Hundert Tage nach dem Einzug ins Berliner Abgeordnetenhaus hat die Partei viel Zeit mit der Raumverteilung und der Vergabe von Parteiämtern verloren. Sie spricht sich für das bedingungslose Grundeinkommen und Volksabstimmungen aus, gestaltet Parteitage als graswurzelartige Generalversammlungen, erleichtert die Mitsprache durch Computerprogramme wie „Liquid Feedback“, lässt aber vor allem ein konsistentes sozialpolitisches Konzept vermissen, das sich, allein wegen der vielen strukturellen Ähnlichkeiten zwischen anarchistischen Organisationsprozessen und solchen des Internet (dem Leibthema der Piraten), in der Auseinandersetzung mit dem Anarchismus schärfen könnte.

Der Anarchismus wäre momentan, den gezeigten Schwächen zum Trotz, ein vorzügliches Instrument, um zu erklären, warum Erscheinungen wie der Berufspolitiker oder die Parteidisziplin zunehmend als veraltet und oft peinlich erscheinen. In puncto faire und flexible Arbeitsbedingungen erhebt der Anarchist die höchsten Ansprüche; für Politiker, die dem Einfluss der Wirtschaft unterliegen, muss er auch nicht das geringste systemische Verständnis aufbringen. Wie keine zweite politische Philosophie verpflichtet der Anarchismus auf basisdemokratische Ideale und Transparenz.

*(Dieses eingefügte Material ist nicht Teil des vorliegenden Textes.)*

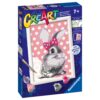 Ravensburger - CreArt pictura pe numere pentru copii iepuras cu funda - RVSPBN28933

Die größte Angst vor dem Anarchismus und zeitgemäßen Forderungen in seinem Namen scheint momentan allerdings der ihm nahestehende parteigebundene Horizontalismus zu haben. Dabei zeigt zum Beispiel Obamas jüngste reichtumskritische Rede zur Lage der Nation oder eine Reihe von Bemerkungen Angela Merkels in den vergangenen Wochen, dass die Annäherung an die neuen sozialen Bewegungen bereits auf höchster Ebene begonnen hat. Wie ernst es den Regierenden damit ist, wird sich zeigen. Der Grad der Auseinandersetzung einer Gesellschaft mit dem Anarchismus erweist, für wie gerecht sie ihre parlamentarische Demokratie hält.